Regarding pathogenesis of acquired TTP, it remains unclear what triggers the formation of the inhibitory autoantibodies against ADAMTS13. Although the autoantibody response is polyclonal in nature, the critical epitopes required for ADAMTS13 inhibition appear to reside within the spacer and cysteine-rich domains of ADAMTS13.41,42 Fine epitope mapping and functional characterization of the different inhibitory autoantibodies is a subject of considerable research interest. Additional questions remain as to the nature of the environmental factors involved in the relapse acquired TTP and whether clinical parameters might help identify those patients at risk for relapse.
Establishing a Mouse Model of TTP
For many years lack of a suitable animal model has greatly hampered researchers investigating the pathophysiology of TTP. However, the recent identification of ADAMTS13 mutations in patients with familial TTP opened the door for the development of a "knock-out" mouse model of ADAMTS13 deficiency, and 2 groups (including ours) generated ADAMTS13-deficient mice by gene targeting.43,44 Our group initially studied these mice on a mixed genetic background comprising the common laboratory mouse strains C57BL/6 and 129x1/Sv. Our initial intercross of mice heterozygous for the ADAMTS13 knock-out allele (Adamts13+/–) generated offspring in the expected Mendelian ratio (25% Adamts13+/+, 50% Adamts13+/–, and 25% Adamts13–/–) indicating no loss of ADAMTS13-deficient (Adamts13–/–) mice in utero, or in the immediate postnatal period. Examination of plasma ADAMTS13 function confirmed complete loss of vWF-cleaving activity in the Adamts13–/– mice, with normal activity observed in the Adamts13+/+ controls (and 50% activity in the heterozygotes).

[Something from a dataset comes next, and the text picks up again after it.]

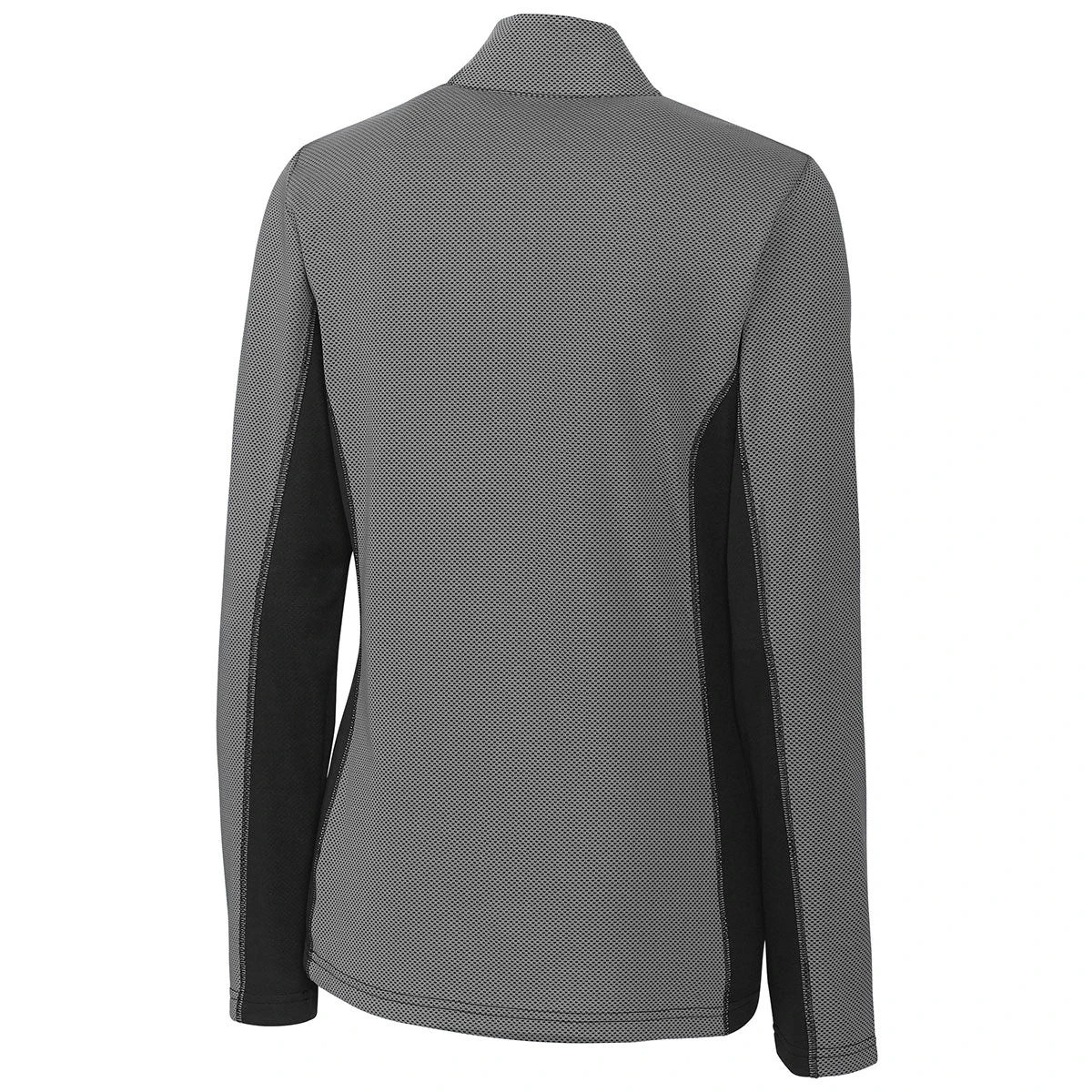Clique Women's Titan Ice Colorblock Half Zip 4 Clique Women's Titan Ice Colorblock Half Zip - Image 2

We subsequently undertook a thorough examination of these original Adamts13–/– mice for findings consistent with TTP, which surprisingly (at least at the time) were not present. Peripheral blood counts and blood smears were normal without signs of hemolytic anemia or thrombocytopenia, and there was no evidence of hyaline thrombus formation on histological examination of numerous TTP target organs. Finally, 1-year Kaplan-Meier survival rates were not statistically different from wild-type or heterozygous littermate controls. Curiously, when we examined the vWF multimer profile in these mice, there was no difference between wild-type and ADAMTS13-deficient animals. Furthermore, vWF multimers from both genotypes appeared similar in size to UL-vWF from familial TTP patient plasma. Thus mice of this genetic background (mixed C57BL/6 and 129x1/Sv) exhibited UL-vWF regardless of whether or not they expressed ADAMTS13.

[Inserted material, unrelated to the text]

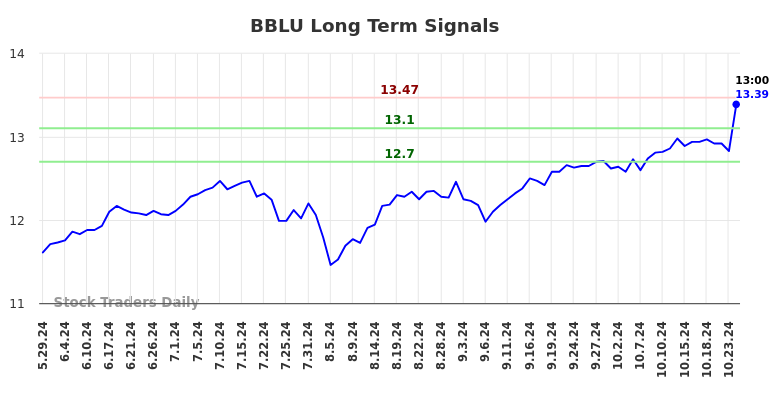 BBLU Long Term Analysis for December 2 2024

As mentioned previously, a second group of investigators also developed ADAMTS13-deficient mice, in this case on a pure strain 129x1/Sv genetic background.44 Similar to our ADAMTS13-deficient mice on the mixed genetic background, these independently-derived Adamts13–/– mice also failed to demonstrate any findings consistent with TTP. However, when the vWF multimer profile was examined in these mice, there was a clear difference with the Adamts13–/– mice exhibiting UL-vWF, and the Adamts13+/+ controls demonstrating a normal multimer pattern. Thus on the pure strain 129x1/Sv genetic background, ADAMTS13 deficiency resulted in the appearance of UL-vWF, but without any evidence of TTP.

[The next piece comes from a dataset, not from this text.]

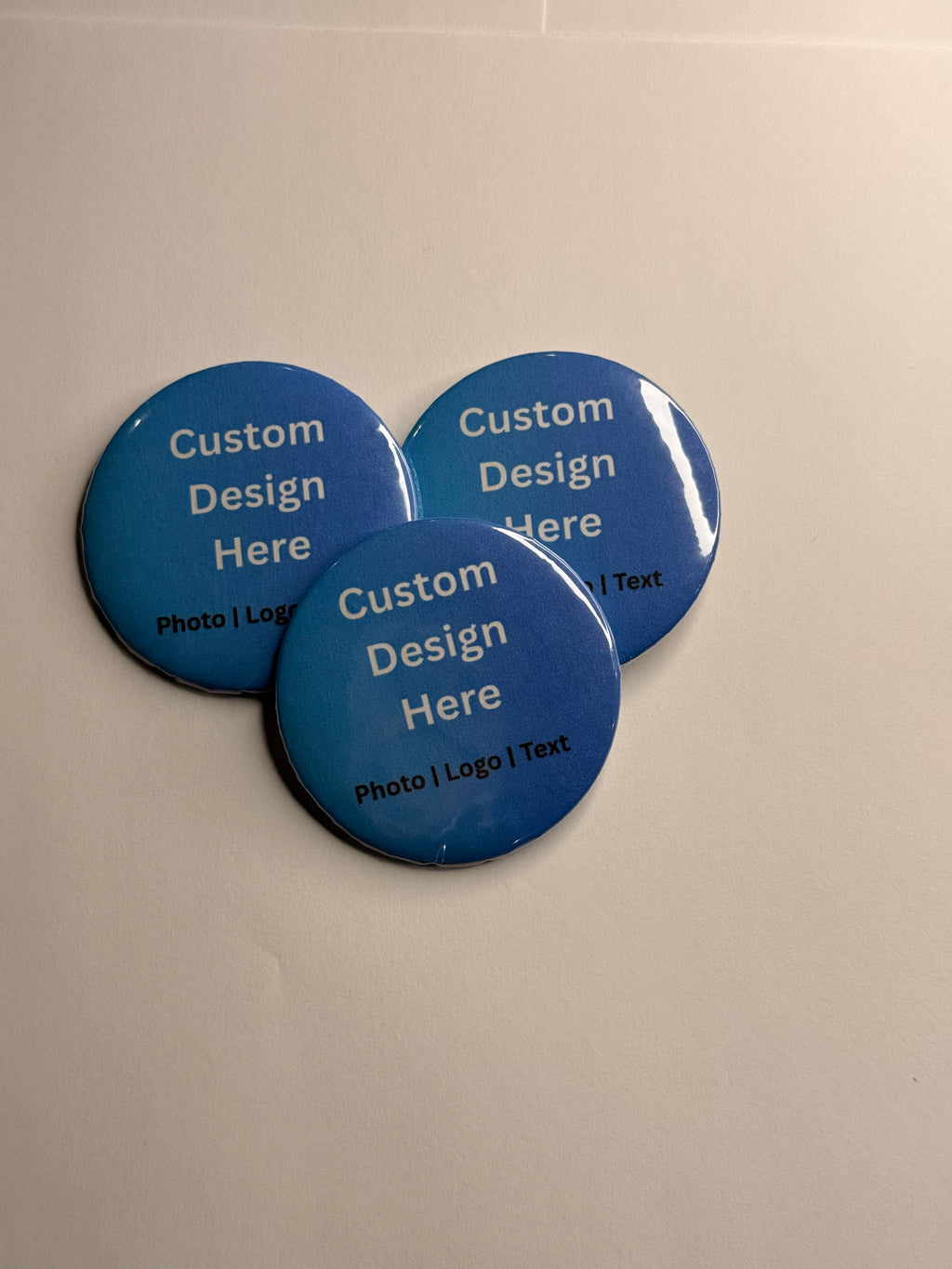 Custom Pins - 58mm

Despite lack of TTP findings in either ADAMTS13-deficient mouse line, with further careful examination, both groups were able to demonstrate slight phenotypic differences between ADAMTS13-deficient and wild-type mice. Using intravital microscopy and infusion of fluorescent platelets, we demonstrated that vWF-mediated interactions between platelets and the vascular endothelium were significantly prolonged in ADAMTS13-deficient mice compared with wild-type controls. Similarly, when the pure-strain 129x1/Sv ADAMTS13-deficient mice were challenged with the platelet and endothelial agonists collagen and epinephrine, the ADAMTS13-deficient mice developed a more severe thrombocytopenia than their wild-type control littermates, although mortality between the 2 groups was not different.
Thus at this point it seemed that ADAMTS13 deficiency in mice resulted in subtle differences in vWF-mediated platelet function, but was not sufficient to bring about the full pathogenesis of TTP. Did this lack of TTP findings indicate that the ADAMTS13-deficient mice were a poor model for the human disease? Or more optimistically, were the ADAMTS13-deficient mice recapitulating the situation in humans where deficiency of ADAMTS13 is not sufficient for TTP pathogenesis? In this case, perhaps, the asymptomatic ADAMTS13-deficient mice might provide an ideal system for investigating potential genetic modifying factors and environmental triggers for this important disease.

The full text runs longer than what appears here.